How Do You Time a Projectile to Hit a Moving Train?

In summary, the problem involves calculating the time it takes for a bomb to drop from a balcony to hit a train passing below, as well as the time it takes for the train to move from one photogate to directly below the balcony. Measurements and accuracy will need to be determined in order to successfully drop the bomb, such as timing the train's movements and estimating its velocity. The equations x=(1/2)a*t^2+v(sub 0)+x (sub 0) and x=v(sub 0)*t+x(sub 0) can be used to calculate the time for the bomb to drop and the train to move, but the initial velocity of the bomb and the distance from point A will need to be determined as
  • #1
crystaluc12
3
0
Hi, I am a newbie in this forum, and I suck at physics, please help. :) Thank you

Homework Statement



You are standing on top floor anywhere (you choose) along a measuring tape (between the pts) that runs from point A to point B. There is a train on the ground level directly below that floor. The distance between the top floor and the level of the train is h=4.95 m. Train is going from Photogate A (a sensor that beeps when train goes through) (its directly below point A) to Photogate B (directly below point B). The train is running at a constant speed along the track and parallel to the balcony. Objective is to hit the train with a "bomb" blindly. "Bomb" will be thrown from balcony. You are given a stopwatch.

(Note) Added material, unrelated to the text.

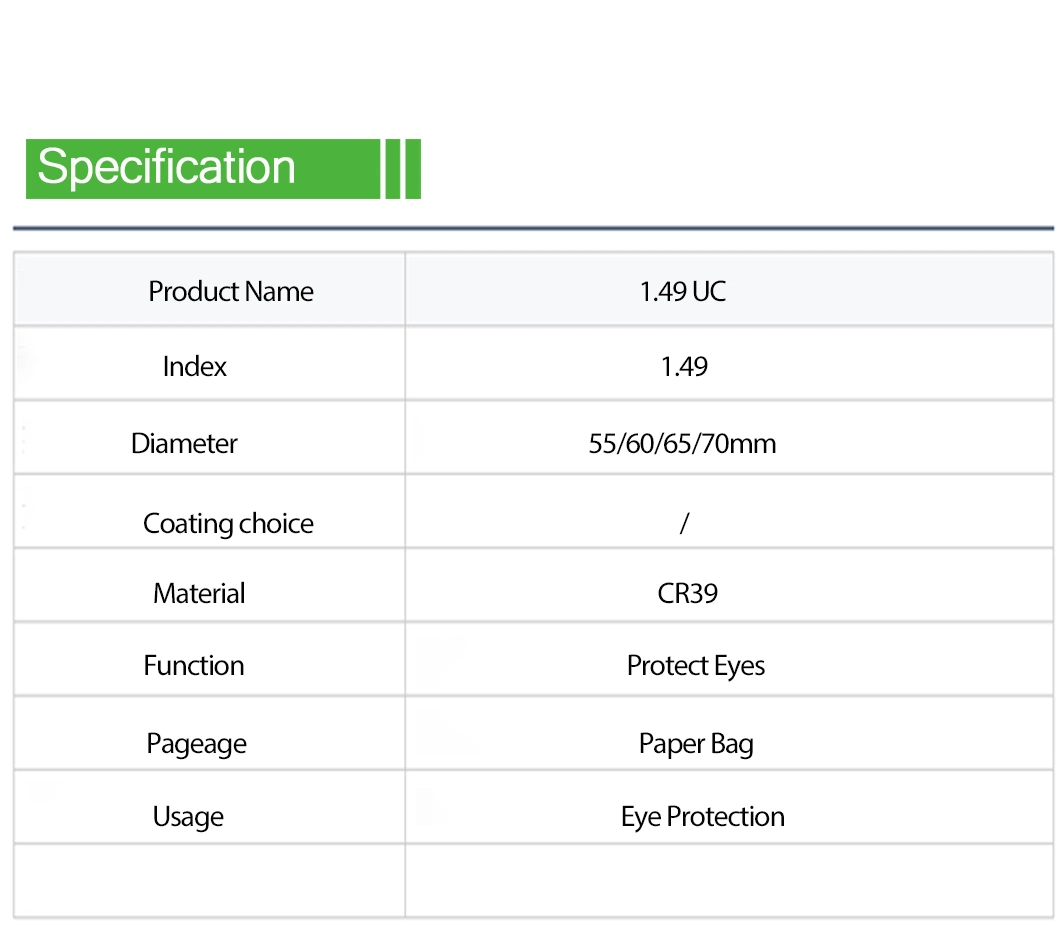 70mm UC Cr39 1.499 Single Vision Optical Lens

1. Calculate the time it takes your bomb to drop to the level of the train
2. Calculate time it takes the train to move form the first Photogate timer to directly below you.
3. What measurements will you need to make, estimate accuracy with which measurements need to be made, and how will you determine when to drop your projectile.

acceleration (a)=-g=-9.8 m/s^2


Homework Equations



I think:
x=(1/2)a*t^2+v(sub 0)+x (sub 0)
x=v(sub 0)*t+x(sub 0)

The Attempt at a Solution



1. For this one I thought that the initial velocity v(sub 0) would be equal to 0 since I would be dropping it from the top without any starting velocity. The initial height would be equal to 4.95 and acceleration is -9.8. So I did:

x=(1/2)a*t^2+v(sub 0)+x (sub 0)
0=(1/2)(-9.8)*t^2+0+4.95
-4.95=-4.9*t^2
t=square root (1.011)=approx 1

I am not sure if my calculations are correct.

2. I thought that it was calculated using x=v(sub 0)*t+x(sub 0)
so I thought that initial velocity of the train moving from a to b would be zero. So I put:
t=-x (sub 0)/v(sub 0)
But since v(sub 0) =0 the formula does not seem right to me. What formula do I need to use?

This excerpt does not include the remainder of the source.